Sufferers may skip their GP for most cancers checks, says Barclay
atients with most cancers signs may doubtlessly skip a GP appointment and as an alternative go straight for a scan, the Health Secretary has instructed.
The suggestion, from an interview with Steve Barclay in The Daily Telegraph newspaper, is the most recent proposal floated amid ongoing stress on the well being service.
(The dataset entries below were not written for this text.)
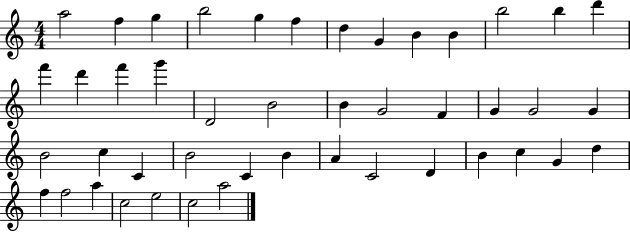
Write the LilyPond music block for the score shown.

{
  \clef treble
  \numericTimeSignature
  \time 4/4
  \key c \major
  a''2 f''4 g''4 | b''2 g''4 f''4 | d''4 g'4 b'4 b'4 | b''2 b''4 d'''4 | \break f'''4 d'''4 f'''4 g'''4 | d'2 b'2 | b'4 g'2 f'4 | g'4 g'2 g'4 | \break b'2 c''4 c'4 | b'2 c'4 b'4 | a'4 c'2 d'4 | b'4 c''4 g'4 d''4 | \break f''4 f''2 a''4 | c''2 e''2 | c''2 a''2 | \bar "|."
}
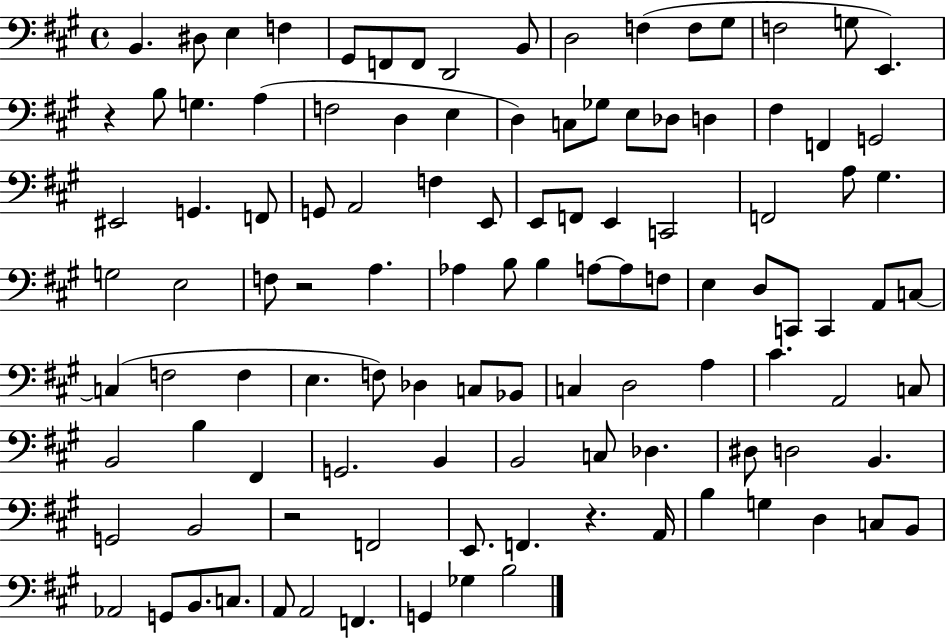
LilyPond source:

It comes as ministers face an uphill wrestle to chop ready lists, with 7.6 million individuals ready to start out therapy on the finish of June.
It follows experiences this week that targets to make sure sufferers see a specialist inside two weeks of being urgently referred by their GP for suspected most cancers could possibly be scrapped.
Where there are bottlenecks within the system of referral from the GP, is there scope to go direct to the related diagnostic take a look at or to the clinician?
That got here after the most recent knowledge revealed most cancers wait instances in England stay effectively beneath targets set by the Government and NHS.
According to The Telegraph, proposals being labored on within the Department of Health would see some sufferers skipping a go to to a GP and as an alternative going straight to an NHS diagnostic centre.
“We are very much looking at those patient pathways,” Mr Barclay informed the paper.
“Where there are bottlenecks in the system of referral from the GP, is there scope to go direct to the relevant diagnostic test or to the clinician?
“Breast cancer is a good example because almost always the GP refers on… and therefore there’s an opportunity to design out bottlenecks in the system.”
This shouldn’t be the primary time such a proposal has been floated, however the prospect of bypassing GPs is more likely to increase questions on feasibility.
Community diagnostic centres have grow to be a key plank within the Government’s plan to chop ready lists, a key pledge for Prime Minister Rishi Sunak.
Mr Barclay additionally mentioned he had commissioned former M&S boss Steve Rowe to take a look at how the Department of Health can discover effectivity financial savings.